Information provided →
****************

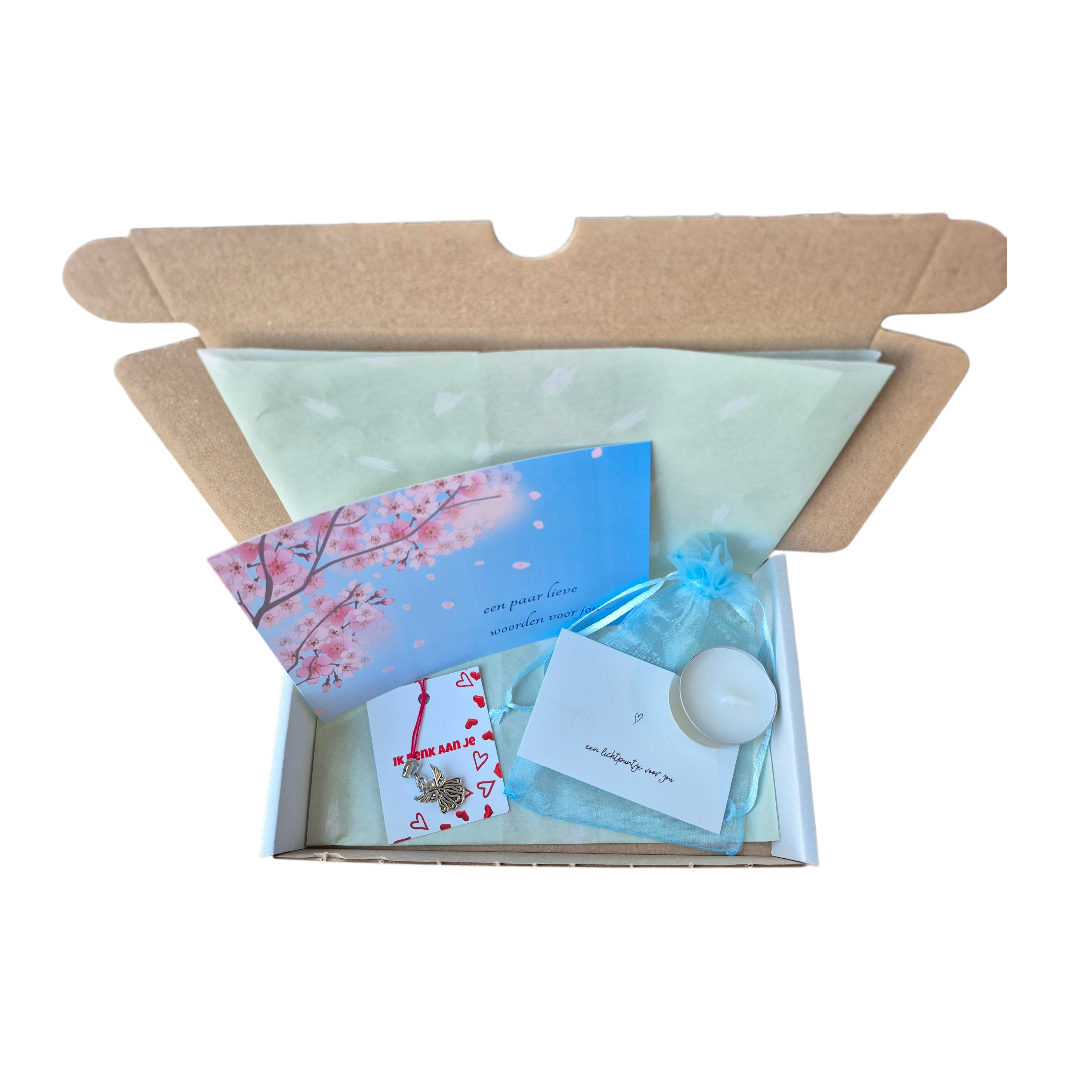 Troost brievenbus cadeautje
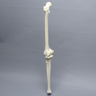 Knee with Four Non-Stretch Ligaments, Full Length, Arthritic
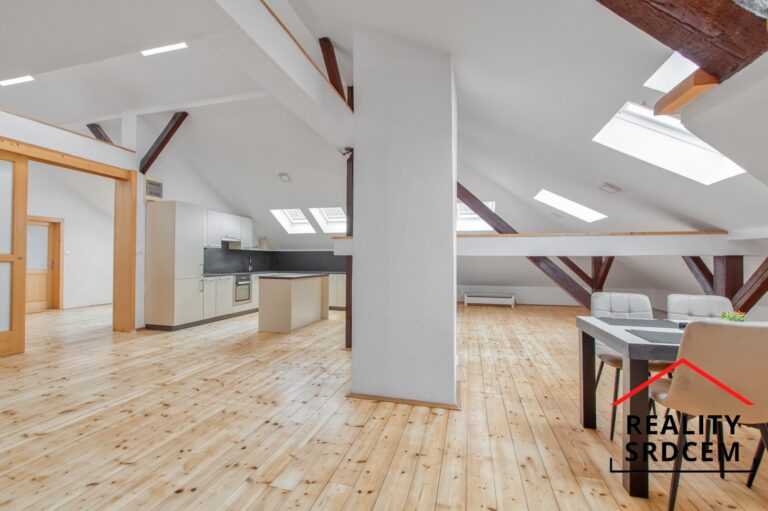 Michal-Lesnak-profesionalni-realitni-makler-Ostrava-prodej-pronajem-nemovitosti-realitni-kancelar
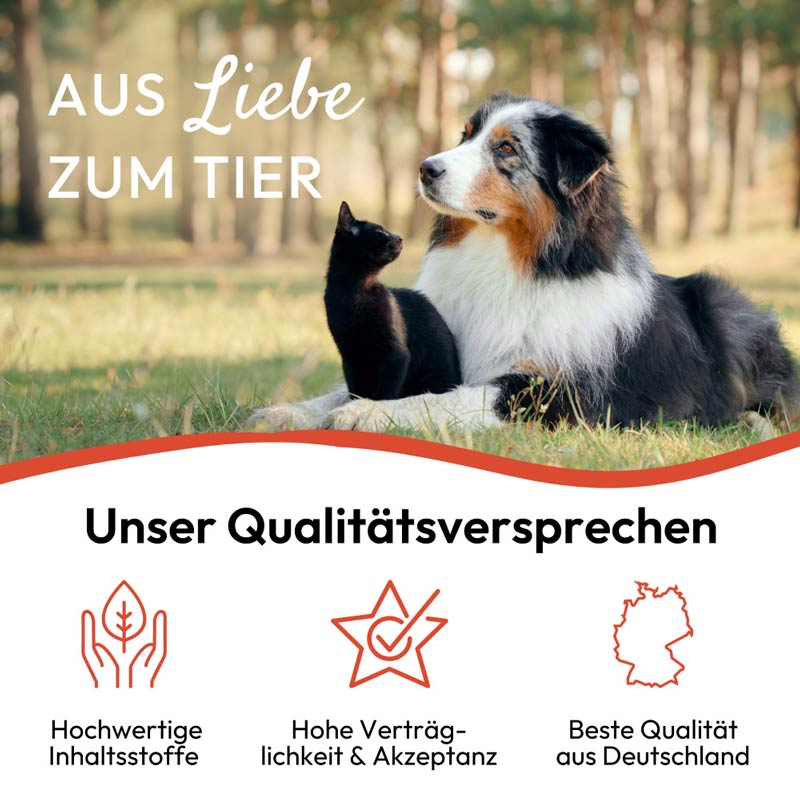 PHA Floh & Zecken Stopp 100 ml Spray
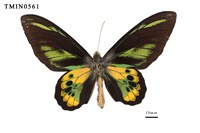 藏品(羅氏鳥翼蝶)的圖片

****************

Work task →
When you transcribe the entries, reproduce each line exactly and skip any picture.

Exercise solution →
 Troost brievenbus cadeautje
 Knee with Four Non-Stretch Ligaments, Full Length, Arthritic
 Michal-Lesnak-profesionalni-realitni-makler-Ostrava-prodej-pronajem-nemovitosti-realitni-kancelar
 PHA Floh & Zecken Stopp 100 ml Spray
 藏品(羅氏鳥翼蝶)的圖片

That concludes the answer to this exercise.